Si queremos jugadores que observen, interpreten, cuestionen y construyan sus propias soluciones, deberíamos ofrecer también a los entrenadores oportunidades para hacer exactamente eso.
No basta con explicarles:
«Esto se hace así».
Tenemos que enfrentarlos a problemas reales y ayudarles a preguntarse:
¿Por qué está ocurriendo esto?
¿Qué información estoy utilizando para interpretarlo?
¿Qué necesita aprender este jugador?
¿Por qué estoy interviniendo?
¿Qué podría modificar en la experiencia?
¿Qué consecuencias podría provocar ese cambio?
¿Existe otra posibilidad que todavía no estoy considerando?
En definitiva, formar entrenadores no debería consistir únicamente en transferirles nuestro conocimiento, sino en ayudarles a desarrollar las herramientas necesarias para construir el suyo propio.
Porque el conocimiento profundo no se demuestra cuando somos capaces de repetir correctamente una respuesta conocida.
Se demuestra cuando somos capaces de pensar, interpretar y construir una respuesta ante algo que todavía nadie nos había explicado.
8. ¿Conocimiento de Planck o conocimiento de chófer?
Quizá la diferencia entre ambos conocimientos no sea tan sencilla como elegir entre uno u otro.
Todos tenemos algo de Planck y algo de chófer.
Gran parte de lo que sabemos comenzó siendo conocimiento de otros. Leemos libros, escuchamos a otros entrenadores, asistimos a cursos, observamos entrenamientos, estudiamos metodologías y, muchas veces, empezamos reproduciendo ideas y soluciones que todavía no comprendemos completamente.
Y eso también forma parte del aprendizaje.
El problema no está en empezar reproduciendo. El problema está en quedarse ahí.
En repetir una palabra sin profundizar en lo que significa.
En copiar un ejercicio sin comprender el problema que pretende provocar.

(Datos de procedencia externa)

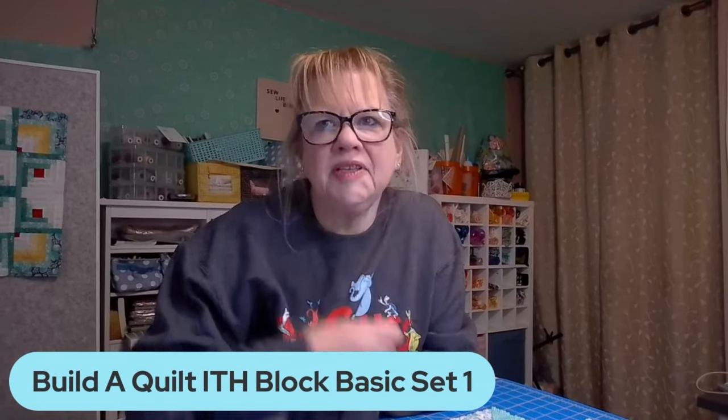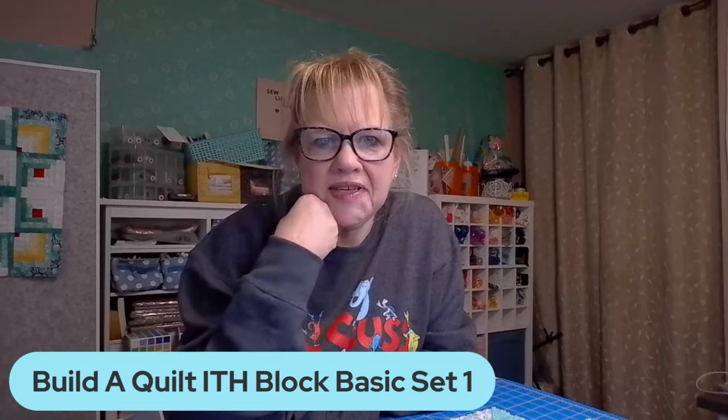Hi everybody, Diana here. Welcome to Sewing Common. So glad you could be with us for our midweek show Wednesday Workshop. In this current Wednesday Workshop, we're using the Build-A-Quilt Basic Block Set One — the basic block in the hoop set one. It comes with your half square triangle, your quarter square triangle, and your square. We're doing a project this month called the Star Charm Runner because we're using our charm packs — that's really what this has been about during the month of January.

En aplicar una regla sin saber qué consecuencias genera.
En utilizar una metodología sin comprender los principios que la sostienen.
Porque cuando dejamos de preguntarnos por qué, el conocimiento corre el riesgo de convertirse progresivamente en reproducción. Y entonces las palabras pueden sustituir a los conceptos, los ejercicios a los principios y la metodología a nuestra propia capacidad para observar, interpretar y pensar. Quizá por eso deberíamos someternos periódicamente a una prueba muy sencilla:
Si mañana desaparecieran nuestros manuales, nuestras presentaciones, nuestros ejercicios y toda nuestra terminología
- ¿Seguiríamos sabiendo por qué entrenamos como entrenamos?
- ¿Seríamos capaces de observar un problema y comprenderlo?
- ¿De diseñar una nueva experiencia?
- ¿De justificar nuestras decisiones?
- ¿De cambiar aquello que hacemos cuando el contexto lo exige?
Si podemos hacerlo, probablemente ese conocimiento ya empieza a pertenecernos.
Si únicamente podemos reproducir aquello que aprendimos, quizá todavía nos quede camino por recorrer.
Porque la verdadera diferencia entre Planck y su chófer no estaba en quién era capaz de impartir la conferencia. Apareció cuando llegó una pregunta para la que no existía una respuesta memorizada.
Y quizá ese sea también uno de los mejores exámenes para nuestro conocimiento:
¿Qué ocurre cuando el fútbol nos hace una pregunta que nadie nos había enseñado a responder?